Stream API Java 8 Parallel Processing

I have 2 sets

phraseSet contains "eiffel tower", "tokyo tower"

wordSet contains words like "eiffel" , "tower"

How do I use Java 8 parallel stream to process logic like: 1. for each item in phraseSet, tokenize it, see if all tokens exist in wordSet, if so add that item to a new set called resultSet. In this example, resultSet would contain "eiffel tower"

It's easy to do if i do using traditional for loop, but i am confused when attempting it using parallel stream, which i hope is faster too since it's processed in parallel.

3 answers

  • answered 2018-05-16 05:59 Flown

    A filter and an allMatch would be sufficient:

    Set<String> phrases = new HashSet<>(Arrays.asList("eifel tower", "tokyo tower"));
    Set<String> words = new HashSet<>(Arrays.asList("eifel", "tower"));
    Pattern delimiter = Pattern.compile("\\s+");
    
    Set<String> resultSet = phrases.parallelStream().filter(
        phrase -> delimiter.splitAsStream(phrase).allMatch(words::contains)
    ).collect(Collectors.toSet());
    

  • answered 2018-05-16 06:06 Hadi J

    You could use equals or containsAll method here.

    Set<String> resultSet = phraseSet.stream()
               .filter(s->wordSet.equals(Stream.of(s.split("\\s"))//wordSet.containsAll(...)
                      .collect(Collectors.toSet())))
               .collect(Collectors.toSet());
    

  • answered 2018-05-16 07:07 Holger

    The simplest solution would be

    Set<String> resultSet = phraseSet.stream()
        .filter(s -> wordSet.containsAll(Arrays.asList(s.split("\\s+"))))
        .collect(Collectors.toSet());
    

    You may turn this to parallel processing by replacing stream() with parallelStream(), but you would need a rather large input set to get a benefit from parallel processing.
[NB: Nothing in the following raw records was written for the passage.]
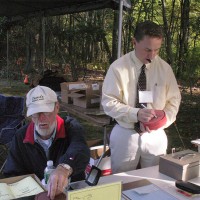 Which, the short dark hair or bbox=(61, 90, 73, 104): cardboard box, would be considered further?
bbox=(61, 90, 73, 104): cardboard box

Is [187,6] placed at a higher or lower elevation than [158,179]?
higher

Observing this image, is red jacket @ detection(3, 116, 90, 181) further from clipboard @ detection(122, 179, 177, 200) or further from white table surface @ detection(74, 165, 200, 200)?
clipboard @ detection(122, 179, 177, 200)

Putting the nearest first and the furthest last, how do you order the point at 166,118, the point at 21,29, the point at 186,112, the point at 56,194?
the point at 56,194 < the point at 166,118 < the point at 186,112 < the point at 21,29

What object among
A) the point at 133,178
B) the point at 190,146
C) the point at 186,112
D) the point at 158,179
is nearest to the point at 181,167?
the point at 158,179

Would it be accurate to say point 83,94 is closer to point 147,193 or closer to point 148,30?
point 148,30

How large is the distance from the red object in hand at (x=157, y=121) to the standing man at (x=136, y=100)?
0.14 ft

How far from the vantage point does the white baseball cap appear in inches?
65.9

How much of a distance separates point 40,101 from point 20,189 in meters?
0.50

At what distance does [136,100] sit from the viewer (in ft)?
6.50

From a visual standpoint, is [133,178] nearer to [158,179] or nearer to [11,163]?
[158,179]

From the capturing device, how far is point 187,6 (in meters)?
10.2

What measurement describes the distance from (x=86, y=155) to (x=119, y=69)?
61cm

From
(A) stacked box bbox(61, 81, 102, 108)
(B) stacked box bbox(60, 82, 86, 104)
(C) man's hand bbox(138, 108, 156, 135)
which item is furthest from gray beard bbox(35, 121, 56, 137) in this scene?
(B) stacked box bbox(60, 82, 86, 104)

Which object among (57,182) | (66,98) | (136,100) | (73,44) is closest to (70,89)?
(66,98) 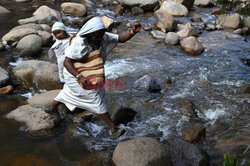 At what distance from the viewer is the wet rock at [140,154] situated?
116 inches

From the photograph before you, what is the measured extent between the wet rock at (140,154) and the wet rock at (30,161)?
984 mm

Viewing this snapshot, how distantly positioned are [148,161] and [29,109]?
7.69ft

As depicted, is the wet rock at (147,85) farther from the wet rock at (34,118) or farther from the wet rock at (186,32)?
the wet rock at (186,32)

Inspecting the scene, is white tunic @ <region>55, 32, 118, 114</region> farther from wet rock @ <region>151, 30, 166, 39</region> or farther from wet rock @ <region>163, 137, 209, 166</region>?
wet rock @ <region>151, 30, 166, 39</region>

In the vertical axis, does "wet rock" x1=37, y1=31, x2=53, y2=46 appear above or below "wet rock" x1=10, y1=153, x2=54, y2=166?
above

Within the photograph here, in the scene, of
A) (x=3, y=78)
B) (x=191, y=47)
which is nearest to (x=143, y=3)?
(x=191, y=47)

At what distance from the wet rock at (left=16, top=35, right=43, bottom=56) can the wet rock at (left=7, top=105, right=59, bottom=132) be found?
3.38 m

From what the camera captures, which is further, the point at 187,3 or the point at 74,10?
the point at 187,3

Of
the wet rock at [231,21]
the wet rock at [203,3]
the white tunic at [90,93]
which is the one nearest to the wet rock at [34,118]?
the white tunic at [90,93]

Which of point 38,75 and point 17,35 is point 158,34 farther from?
point 38,75

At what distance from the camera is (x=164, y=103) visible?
16.3ft

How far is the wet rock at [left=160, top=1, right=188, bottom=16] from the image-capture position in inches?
479

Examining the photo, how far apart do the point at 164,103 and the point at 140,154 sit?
2.10 meters

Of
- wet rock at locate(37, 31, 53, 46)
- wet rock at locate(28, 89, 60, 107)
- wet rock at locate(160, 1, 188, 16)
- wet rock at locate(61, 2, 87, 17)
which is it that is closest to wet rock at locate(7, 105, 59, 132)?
wet rock at locate(28, 89, 60, 107) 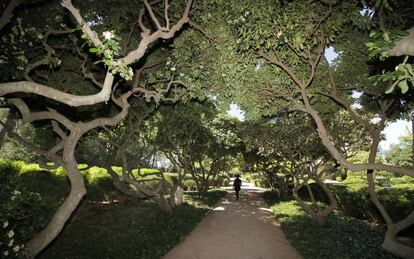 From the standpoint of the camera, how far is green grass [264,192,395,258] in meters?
9.05

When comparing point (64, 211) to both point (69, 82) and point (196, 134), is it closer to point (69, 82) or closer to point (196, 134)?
point (69, 82)

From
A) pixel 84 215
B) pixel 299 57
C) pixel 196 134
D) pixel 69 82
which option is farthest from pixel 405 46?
pixel 196 134

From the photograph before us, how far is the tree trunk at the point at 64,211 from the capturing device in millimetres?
5828

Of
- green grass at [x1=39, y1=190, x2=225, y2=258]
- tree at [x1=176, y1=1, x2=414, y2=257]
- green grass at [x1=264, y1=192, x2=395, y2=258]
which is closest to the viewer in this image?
tree at [x1=176, y1=1, x2=414, y2=257]

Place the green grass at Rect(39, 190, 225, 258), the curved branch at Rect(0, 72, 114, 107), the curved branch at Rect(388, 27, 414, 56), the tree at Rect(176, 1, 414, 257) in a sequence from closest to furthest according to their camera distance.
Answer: the curved branch at Rect(388, 27, 414, 56) < the curved branch at Rect(0, 72, 114, 107) < the tree at Rect(176, 1, 414, 257) < the green grass at Rect(39, 190, 225, 258)

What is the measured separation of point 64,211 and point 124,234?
5498 millimetres

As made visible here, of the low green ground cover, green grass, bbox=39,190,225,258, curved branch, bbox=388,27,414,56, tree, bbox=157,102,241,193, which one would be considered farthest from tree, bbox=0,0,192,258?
tree, bbox=157,102,241,193

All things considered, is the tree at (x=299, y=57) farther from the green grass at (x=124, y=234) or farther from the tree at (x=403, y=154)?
the tree at (x=403, y=154)

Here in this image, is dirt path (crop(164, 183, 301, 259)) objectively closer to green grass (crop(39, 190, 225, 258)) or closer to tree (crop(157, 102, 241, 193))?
green grass (crop(39, 190, 225, 258))

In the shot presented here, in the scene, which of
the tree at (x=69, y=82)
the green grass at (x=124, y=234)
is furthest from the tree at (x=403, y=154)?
the tree at (x=69, y=82)

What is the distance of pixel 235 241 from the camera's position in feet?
36.7

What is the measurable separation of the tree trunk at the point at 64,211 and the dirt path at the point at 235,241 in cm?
401

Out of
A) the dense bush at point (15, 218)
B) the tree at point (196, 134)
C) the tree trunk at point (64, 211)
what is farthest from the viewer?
the tree at point (196, 134)

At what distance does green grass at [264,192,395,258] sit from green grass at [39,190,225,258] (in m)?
4.74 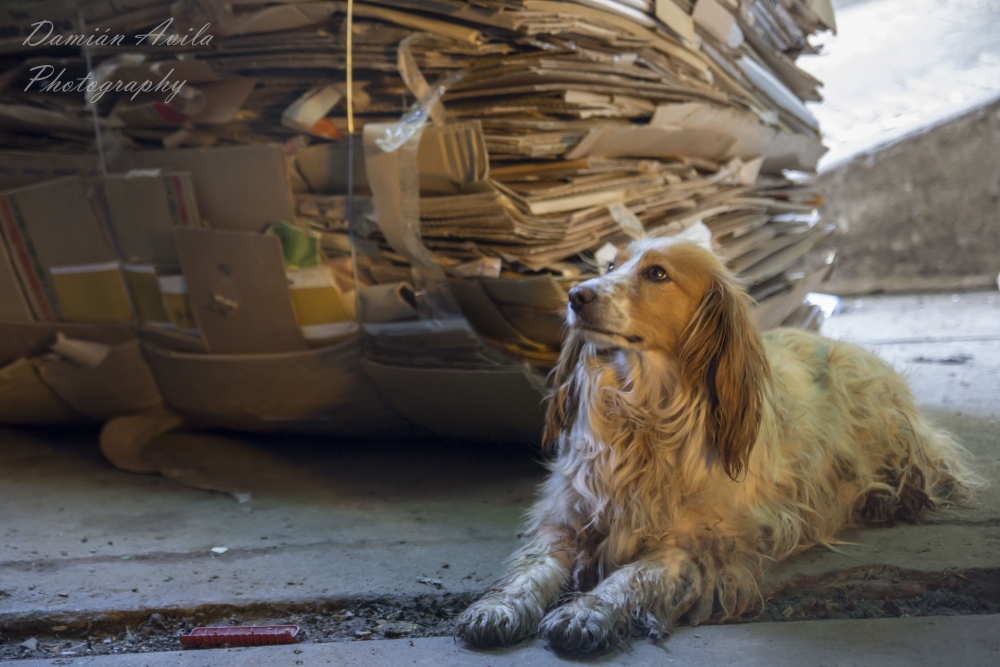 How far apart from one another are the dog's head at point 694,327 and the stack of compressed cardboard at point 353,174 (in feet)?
1.56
    Note that this simple solution may do unnecessary work if you have a lot of non-matching phrases as it will create all substrings before checking whether they are contained in wordSet. A solution like Flown’s will defer the creation of the substrings, so it can be skipped when encountering a word not contained in wordSet (also known as short-circuiting). Another performance improvement would be moving the creation of the Pattern out of the stream processing and re-using it (a Pattern is also created behind the scenes when using a method like String.split as in above solution).

    Pattern whiteSpace = Pattern.compile("\\s+");
    Predicate<String> inWordSet = wordSet::contains;
    Set<String> resultSet = phraseSet.stream()
        .filter(phrase -> whiteSpace.splitAsStream(phrase).allMatch(inWordSet))
        .collect(Collectors.toSet());